Now I am in the process of formatting the table structure into something legible for use with PowerBI and 3rd parties, which hasn't been a problem. I have created all the necessary SQL for the tables and or views I wish as well as inserting the existing data this new structure.

However my issue is how do I then, say, update any new data that comes along?

E.g. dev have a table called SN_BARCODE which has all the barcodes for all products in it, the fields in that table are:

   APNS (VARCHAR)
 , BARCODEID (NUMBER)
 , DATECREATED (TIMESTAMP)
 , DATEMODIFIED (TIMESTAMP)
 , DATEUPDATED (TIMESTAMP)
 , ID (NUMBER)
 , PRODUCTID (NUMBER) 
 , VENUEID (NUMBER) 
 , _SDC_BATCHED_AT(TIMESTAMP) 
 , _SDC_RECEIVE_AT (TIMESTAMP)
 , _SDC_SEQUENCE (TIMESTAMP)
 , _SDC_TABLE_VERSION (TIMESTAMP)  

to which I do the following

CREATE OR REPLACE Table pc_stitch_db.Dim_BarCodes
 (Barcodes_Id int, Barcodes_ProductId, Barcodes_APN, PRIMARY KEY (Barcodes_Id)) AS
SELECT
    "PC_STITCH_DB".sn_barcode.barcodeid AS Barcodes_Id,
    "PC_STITCH_DB".sn_product.id AS Barcodes_ProductId,
    "PC_STITCH_DB".sn_barcode.apns AS Barcodes_APN
FROM "PC_STITCH_DB".sn_Barcode
INNER JOIN "PC_STITCH_DB".sn_product  ON (
        "PC_STITCH_DB".sn_product.PRODUCTID = "PC_STITCH_DB".sn_barcode.productid
    AND "PC_STITCH_DB".sn_product.venueid = "PC_STITCH_DB".sn_barcode.venueid
);

How can I update these daily after stitch has loaded the data from the other source?

mkrieger1
  • 19,194
  • 5
  • 54
  • 65

1 Answers1

0

You have the dilemma of simplicity vs. efficiency.
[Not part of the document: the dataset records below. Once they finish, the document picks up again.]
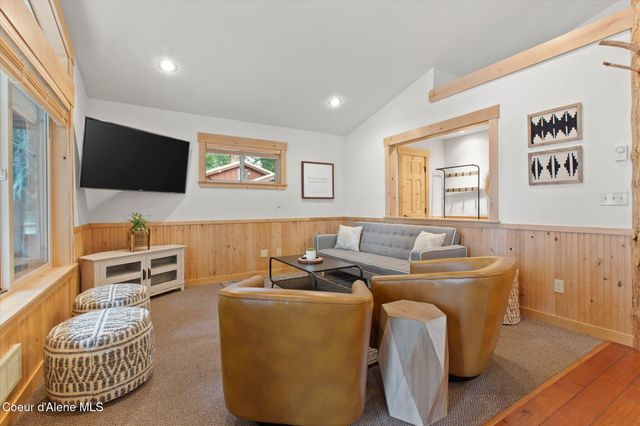 70 S Granite Bay Rd, Nordman, ID 83848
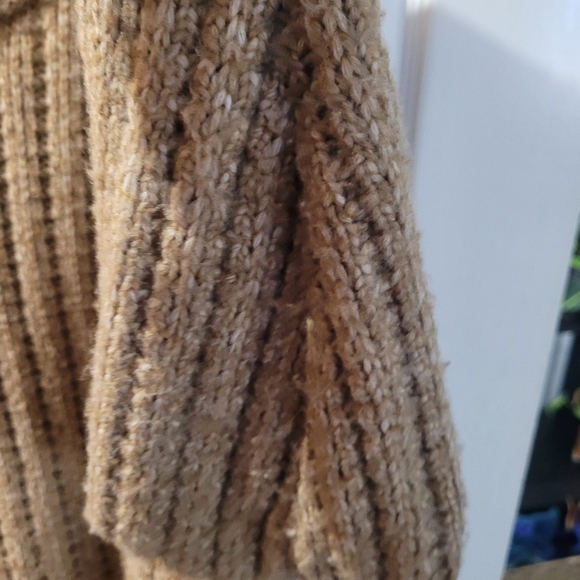 American Eagle Knit - Picture 3 of 7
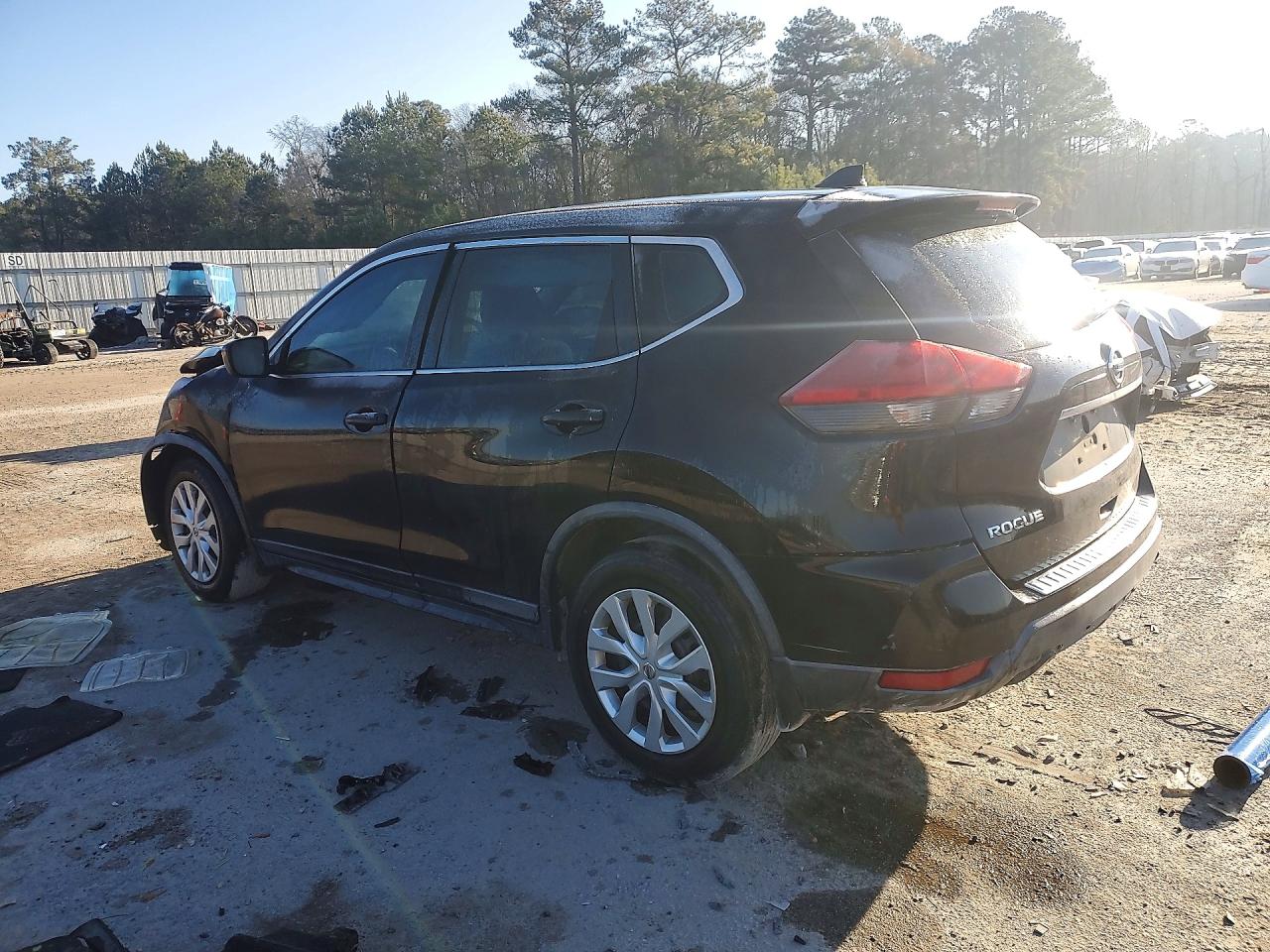 2017 NISSAN ROGUE S photo 2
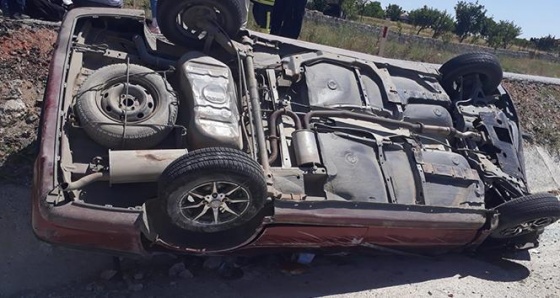 Yozgat'ta otomobil şarampole devrildi: 6 yaralı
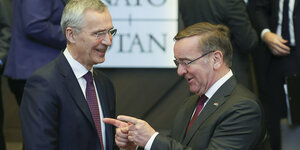 Nato-Generalsekretär Stoltenberg und der deutsche Verteidigungsminister Pistorius stehen beieinander und lachen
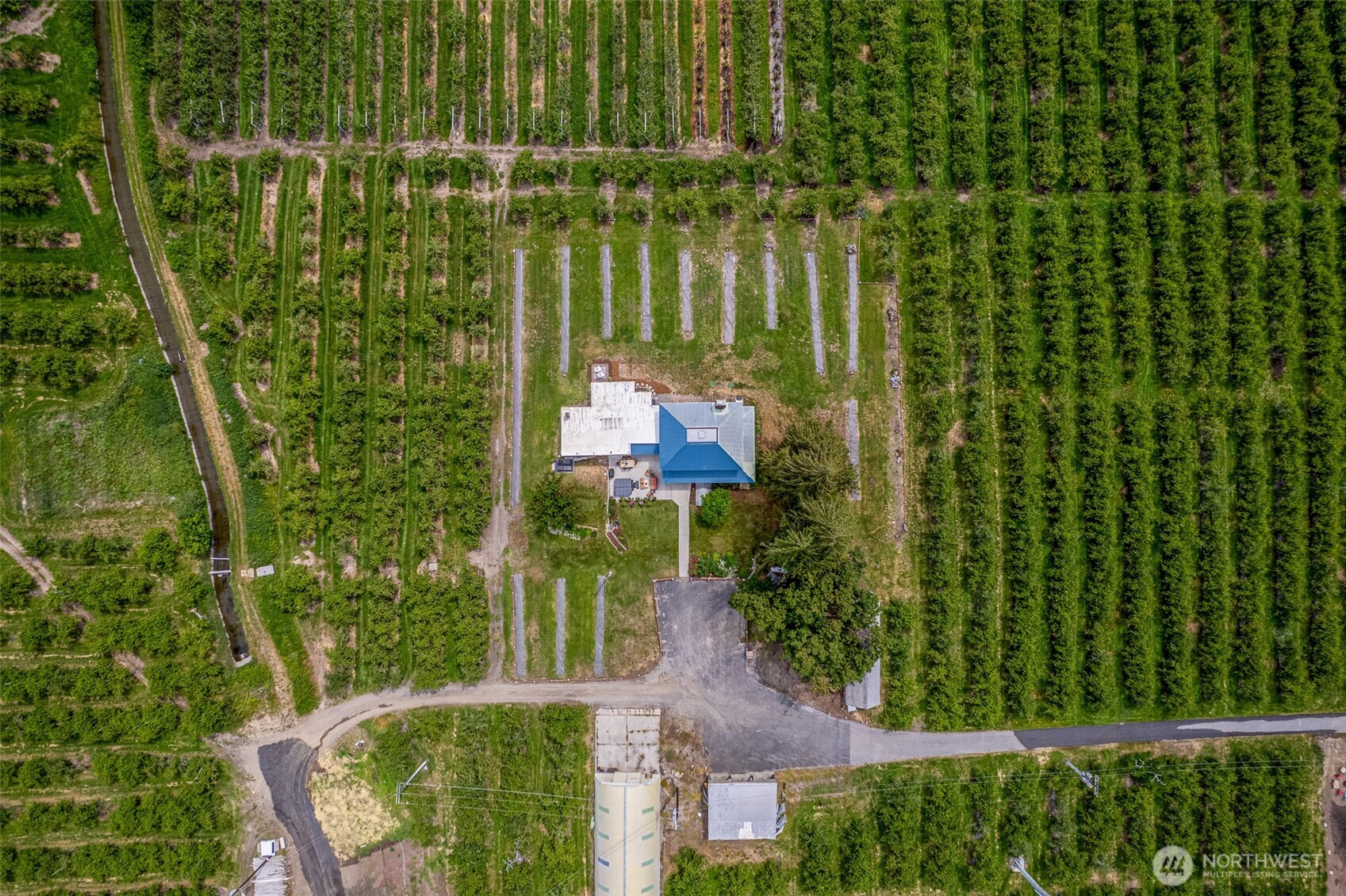 9753 Nibbelink Road Peshastin, WA 98847 - Photo 31 of 35 a view of a garden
You can easily create TASKs that recreate your tables on eg. a daily schedule using statements like the CREATE OR REPLACE TABLE statement you provided above. This means your data is reloaded completely every day.

However, if you have huge and growing tables that approach eventually will cause capacity problems. Then you have to modify your solution to do incremental updates.

There are two main types of incremental updates,

  1. appending data using INSERT
  2. merging data using MERGE (in general more complex and more flexible)
Hans Henrik Eriksen
  • 2,690
  • 5
  • 12